Sunday, April 15, 2001, 3:38:48 PM, you wrote:
> When you call pconnect when a persistant connection is already available, it
> is approximately the same speed as when you call connect for the second time
> in a script. It still is a delay. It's not "instant", because PHP has to
> check and see if a persistant connection is open. It can't "remember" on
> it's own.

sure it can, but that's why it only works for threaded sapi's.

like in every threaded application, the threads of the parent process share the same 
name/access space, and that space is
persistent until the parent process exits.
so persistent storage between requests can't work for the cgi, as it's
shuting down on each webserver request, while the server module is
only shuting down if the server goes down.
if you're using normal connects php is registering the connection(s) of the
actual page for the working thread, other threads can't access it.
on request shutdown (php is finished parsing the page) php closes
those connections, if you forgot to.
the pconnects work different, php manages an hash of connections which
is shared amongst the threads, upon a new connection request php
simply looks if the hash holds a connection that isn't locked/used by
another thread. if there's one connection available php is locking and reusing the open
connection, if there's no connection available php creates another one
and adds that to the hash.
when the page is finished, php unlocks/makes the connection reusable
to the other threads.
only upon the server shutdown (or after the connections are timing
out) those connections are closed.

> The creation of a connection can't be all that taxing, so it really doesn't
> matter on a per script basis, but the point is "which is better".

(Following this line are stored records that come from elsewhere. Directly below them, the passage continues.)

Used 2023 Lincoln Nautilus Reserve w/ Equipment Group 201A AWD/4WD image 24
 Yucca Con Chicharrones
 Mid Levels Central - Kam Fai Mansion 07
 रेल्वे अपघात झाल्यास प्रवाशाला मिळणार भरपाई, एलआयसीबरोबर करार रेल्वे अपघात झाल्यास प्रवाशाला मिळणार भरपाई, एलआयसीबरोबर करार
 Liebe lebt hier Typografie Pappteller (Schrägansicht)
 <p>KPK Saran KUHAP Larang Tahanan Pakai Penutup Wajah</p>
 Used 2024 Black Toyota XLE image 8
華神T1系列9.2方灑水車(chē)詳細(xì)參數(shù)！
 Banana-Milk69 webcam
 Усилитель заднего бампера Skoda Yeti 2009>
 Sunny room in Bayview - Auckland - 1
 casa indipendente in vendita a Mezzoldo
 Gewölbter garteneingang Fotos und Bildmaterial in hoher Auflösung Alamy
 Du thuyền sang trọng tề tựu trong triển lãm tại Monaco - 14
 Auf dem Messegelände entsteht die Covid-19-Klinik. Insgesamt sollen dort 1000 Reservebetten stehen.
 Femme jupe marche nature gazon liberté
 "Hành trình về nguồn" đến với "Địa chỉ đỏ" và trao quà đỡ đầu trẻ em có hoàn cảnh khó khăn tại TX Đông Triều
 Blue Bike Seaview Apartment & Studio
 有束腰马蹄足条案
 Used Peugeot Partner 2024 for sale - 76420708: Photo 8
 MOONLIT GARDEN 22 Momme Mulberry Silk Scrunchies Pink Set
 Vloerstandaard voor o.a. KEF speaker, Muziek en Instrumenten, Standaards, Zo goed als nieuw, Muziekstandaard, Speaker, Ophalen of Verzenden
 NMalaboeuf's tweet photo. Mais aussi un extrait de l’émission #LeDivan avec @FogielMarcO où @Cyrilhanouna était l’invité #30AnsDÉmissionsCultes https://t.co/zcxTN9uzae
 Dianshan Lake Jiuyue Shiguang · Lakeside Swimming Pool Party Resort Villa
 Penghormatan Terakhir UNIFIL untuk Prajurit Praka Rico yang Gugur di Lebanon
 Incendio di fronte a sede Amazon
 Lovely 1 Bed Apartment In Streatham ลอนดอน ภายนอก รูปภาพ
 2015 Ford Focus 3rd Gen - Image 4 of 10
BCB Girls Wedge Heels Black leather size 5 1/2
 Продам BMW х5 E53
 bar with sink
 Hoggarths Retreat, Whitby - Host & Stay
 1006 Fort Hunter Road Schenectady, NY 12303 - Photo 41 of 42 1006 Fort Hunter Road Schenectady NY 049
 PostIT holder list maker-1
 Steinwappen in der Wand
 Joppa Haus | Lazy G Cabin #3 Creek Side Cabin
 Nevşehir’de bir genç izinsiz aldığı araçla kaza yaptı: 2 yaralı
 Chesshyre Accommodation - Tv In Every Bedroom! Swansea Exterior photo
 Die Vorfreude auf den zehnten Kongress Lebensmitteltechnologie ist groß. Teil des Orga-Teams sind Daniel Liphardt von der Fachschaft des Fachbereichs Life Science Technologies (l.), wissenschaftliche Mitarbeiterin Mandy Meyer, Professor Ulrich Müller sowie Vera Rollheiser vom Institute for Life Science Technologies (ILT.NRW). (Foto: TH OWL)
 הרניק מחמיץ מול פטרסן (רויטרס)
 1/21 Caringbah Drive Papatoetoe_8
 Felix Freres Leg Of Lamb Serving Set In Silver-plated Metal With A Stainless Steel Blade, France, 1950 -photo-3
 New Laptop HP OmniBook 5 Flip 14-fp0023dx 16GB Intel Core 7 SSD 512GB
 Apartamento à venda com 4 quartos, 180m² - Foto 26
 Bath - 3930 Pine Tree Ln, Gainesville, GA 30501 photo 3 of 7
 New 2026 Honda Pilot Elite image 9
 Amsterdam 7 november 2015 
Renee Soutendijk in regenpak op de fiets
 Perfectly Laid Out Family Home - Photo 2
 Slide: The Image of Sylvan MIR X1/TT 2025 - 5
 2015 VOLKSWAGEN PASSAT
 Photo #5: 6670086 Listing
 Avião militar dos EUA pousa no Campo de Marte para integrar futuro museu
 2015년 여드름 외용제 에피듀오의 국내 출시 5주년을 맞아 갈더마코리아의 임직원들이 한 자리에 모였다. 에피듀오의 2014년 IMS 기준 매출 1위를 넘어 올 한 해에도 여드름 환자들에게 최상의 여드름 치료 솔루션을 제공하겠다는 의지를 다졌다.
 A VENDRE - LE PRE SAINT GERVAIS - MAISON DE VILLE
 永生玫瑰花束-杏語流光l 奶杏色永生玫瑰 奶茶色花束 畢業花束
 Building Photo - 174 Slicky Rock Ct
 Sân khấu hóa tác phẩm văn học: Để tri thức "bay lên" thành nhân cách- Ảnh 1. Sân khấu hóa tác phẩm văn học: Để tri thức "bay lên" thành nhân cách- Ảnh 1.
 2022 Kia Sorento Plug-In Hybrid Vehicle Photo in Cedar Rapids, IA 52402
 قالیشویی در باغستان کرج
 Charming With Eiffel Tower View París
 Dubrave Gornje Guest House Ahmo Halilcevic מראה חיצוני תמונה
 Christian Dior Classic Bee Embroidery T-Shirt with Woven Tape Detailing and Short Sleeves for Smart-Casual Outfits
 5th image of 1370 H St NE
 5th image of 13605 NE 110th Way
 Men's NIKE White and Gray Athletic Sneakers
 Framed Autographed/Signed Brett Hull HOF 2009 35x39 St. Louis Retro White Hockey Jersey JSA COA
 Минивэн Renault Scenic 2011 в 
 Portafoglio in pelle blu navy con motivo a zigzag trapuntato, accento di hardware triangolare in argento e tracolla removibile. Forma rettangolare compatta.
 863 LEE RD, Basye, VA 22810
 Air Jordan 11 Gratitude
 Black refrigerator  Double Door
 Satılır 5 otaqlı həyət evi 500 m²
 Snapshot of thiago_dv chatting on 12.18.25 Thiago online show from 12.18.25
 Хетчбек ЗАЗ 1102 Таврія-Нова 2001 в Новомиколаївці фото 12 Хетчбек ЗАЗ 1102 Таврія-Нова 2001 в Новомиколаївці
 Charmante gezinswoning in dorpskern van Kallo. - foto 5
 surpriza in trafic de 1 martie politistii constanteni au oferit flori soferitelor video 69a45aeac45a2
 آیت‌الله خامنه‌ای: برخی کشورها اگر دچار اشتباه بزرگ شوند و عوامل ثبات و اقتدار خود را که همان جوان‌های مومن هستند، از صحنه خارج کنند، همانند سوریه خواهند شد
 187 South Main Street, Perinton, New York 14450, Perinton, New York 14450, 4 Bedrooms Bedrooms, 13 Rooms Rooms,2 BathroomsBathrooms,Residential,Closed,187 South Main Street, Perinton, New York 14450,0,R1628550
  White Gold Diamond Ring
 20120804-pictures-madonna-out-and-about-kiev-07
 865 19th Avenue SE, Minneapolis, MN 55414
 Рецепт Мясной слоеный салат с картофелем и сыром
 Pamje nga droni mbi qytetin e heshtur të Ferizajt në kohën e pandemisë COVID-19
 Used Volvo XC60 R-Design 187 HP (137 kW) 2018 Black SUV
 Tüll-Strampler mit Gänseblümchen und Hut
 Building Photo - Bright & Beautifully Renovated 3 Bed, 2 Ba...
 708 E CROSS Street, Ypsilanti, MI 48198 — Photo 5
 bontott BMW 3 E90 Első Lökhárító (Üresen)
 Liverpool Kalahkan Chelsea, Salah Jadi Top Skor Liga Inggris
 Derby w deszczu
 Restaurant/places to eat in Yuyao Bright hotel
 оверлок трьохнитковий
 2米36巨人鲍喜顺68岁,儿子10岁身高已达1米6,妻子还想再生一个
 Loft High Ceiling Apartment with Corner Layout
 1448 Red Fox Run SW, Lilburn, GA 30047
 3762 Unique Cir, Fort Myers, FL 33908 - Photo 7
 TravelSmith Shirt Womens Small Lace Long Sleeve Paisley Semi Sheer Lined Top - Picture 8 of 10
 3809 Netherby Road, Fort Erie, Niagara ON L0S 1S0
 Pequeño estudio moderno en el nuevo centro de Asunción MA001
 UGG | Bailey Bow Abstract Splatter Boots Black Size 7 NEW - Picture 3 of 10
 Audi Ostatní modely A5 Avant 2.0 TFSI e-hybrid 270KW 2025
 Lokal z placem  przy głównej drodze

the mysql connects are fast already, so the performance gain shouldn't
be too high, but for other db's (i.e. oracle or mssql, which take care of
alot more things during the logon) the pconnect can really speed
things up.

> The downside of pconnect is you _can't_ close the connection once it's
> started. If you use it only once an hour, that's 59 minutes that MySQL has
> to keep open an unitilized connection. With connect it would of been closed
> immediatly.

why is this a downside? the connections are reused.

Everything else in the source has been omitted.